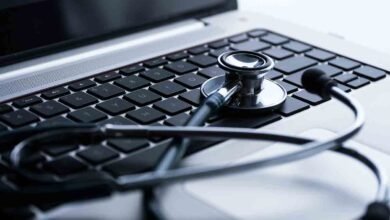 Common Errors On Macbook And Their Solution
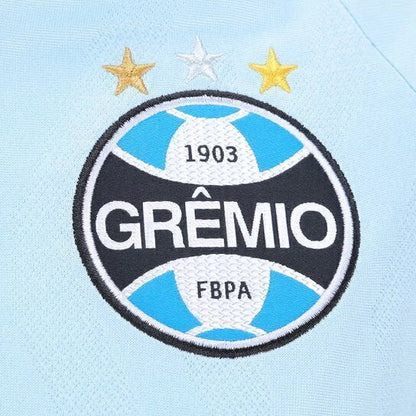 Shirt Grêmio 25-26 - Away Women's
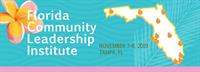 Florida Community Leadership Institute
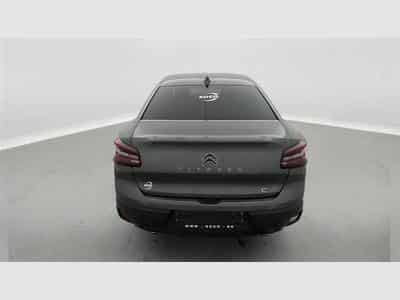 Citroen C4 X 1.2 PureTech 130cv EAT8 Shine NAVI / CARPLAY / CAMERA (2023) - Photo 5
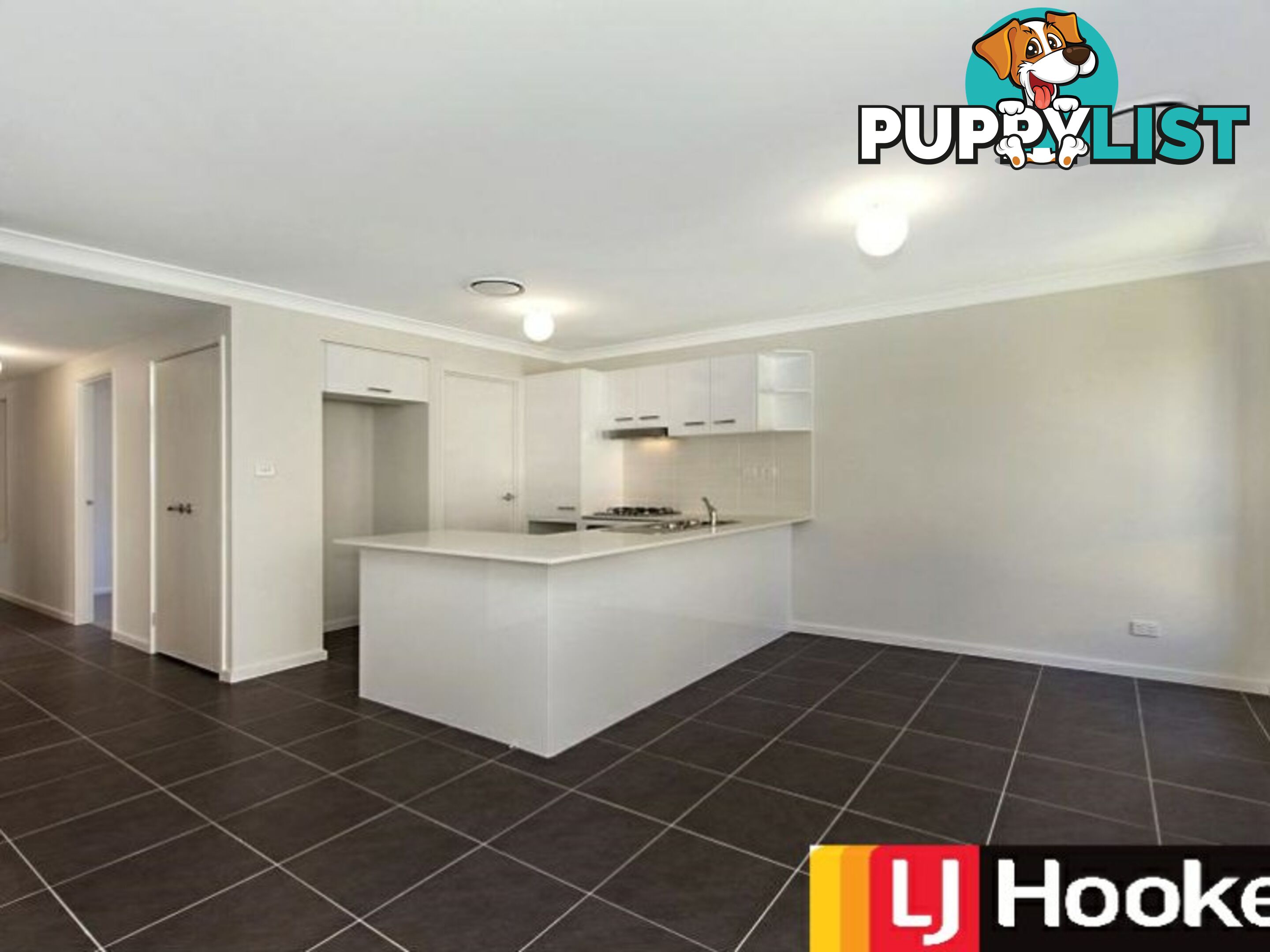 7 Govetts Street THE PONDS NSW 2769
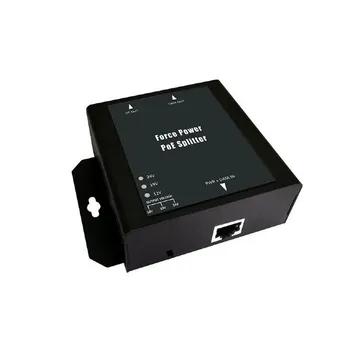 POE-PD06S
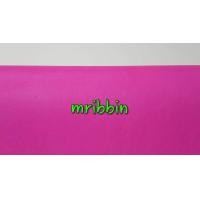 ราคา กระดาษสา จัดช่อดอกไม้ รบกวนสั่งขั้นต่ำ 5 แผ่น (1089636378)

==*==

What you should do: The copy must match the listing above exactly, except that it holds no pictures.

Response to the task:
 Common Errors On Macbook And Their Solution
 Shirt Grêmio 25-26 - Away Women's
 Florida Community Leadership Institute
 Citroen C4 X 1.2 PureTech 130cv EAT8 Shine NAVI / CARPLAY / CAMERA (2023) - Photo 5
 7 Govetts Street THE PONDS NSW 2769
 POE-PD06S
 ราคา กระดาษสา จัดช่อดอกไม้ รบกวนสั่งขั้นต่ำ 5 แผ่น (1089636378)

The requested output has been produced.